Blast Motion – Advanced Logging to Help Advanced Athletes
Blast Motion is one of those companies that’s so cool you can’t help but brag that they are your customer. I mean, these guys make sensors and apps that analyze athletes swings, hits, jumps, and motion. They are the official bat sensor technology for Major League Baseball!
And they use Bugfender for logging from their iOS and Android Apps.
I was able to chat with Steve Wehba, the System Architect for the Blast Motion apps, about how they use logging during development, testing, and production and how Bugfender has helped them.
Lots of Logging for Lots of Devices
First, it’s important to set some context. Blast Motion makes small sensors that you attach to athletic equipment (like baseball bats or golf clubs) or even athletes themselves.
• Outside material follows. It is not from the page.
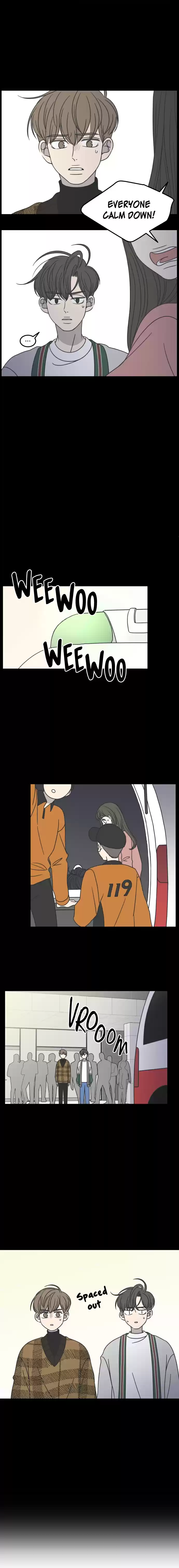 A Guide to Proper Dating Ch. 50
These sensors gather a lot of data from very highly calibrated sensors and then sends that data to a connected phone or tablet over (typically) Bluetooth Low Energy (BLE) for further processing and display. The combination of the data from the sensors and the processing done in the mobile apps gives the athletes deep insights into their performance. You can check out a short video on how this works for baseball at https://blastmotion.com/products/baseball/.
If you’re like me this setup gives you two thoughts. 1) That sounds like a really fun product to build. 2) That’s a lot of different components, each with their own special way of causing hard to debug problems. Steve confirmed that making everything work reliably in tough situations – like using BLE in a stadium full of people with smartphones – has been a lot of work.
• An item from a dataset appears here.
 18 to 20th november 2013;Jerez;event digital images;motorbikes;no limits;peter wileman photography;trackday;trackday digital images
To help with this, Blast Motion has created a cross-platform framework of code shared between their mobile apps. The framework handles common things, like BLE connections and some of the low-level motion analysis, as well as logging. For logging, they capture typical extra data over what the developer explicitly logs, like method name and line number. They also capture Blast Motion specific data, such as information about the user (which can either be the player or a coach).
They have been disciplined about adding a large amount of logging at the correct log levels, allowing them to capture only errors for normal production usage or detailed debugging if the situation calls for it (configured at runtime without pushing new builds). Remember, also, that the sensor doesn’t have an independent network connection and must, instead, rely on the mobile apps to perform logging.
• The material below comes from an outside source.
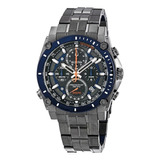 Reloj Bulova Precisionist 98b343  46.5mm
The Blast sensor is actually quite interesting (beyond the inherent interestingness of the large number of highly calibrated sensors packed into it). It can operate without a mobile device for a while, capturing and storing data, and then download that data to a mobile device when it’s connected. One use case for this is skating or snowboarding, where the athlete makes a run with just the sensor and connects to a mobile device afterward for analysis. The Blast sensor can also use a activity specific mode to capture only data around interesting events, such as several seconds before and after when it detects a bat hitting a ball.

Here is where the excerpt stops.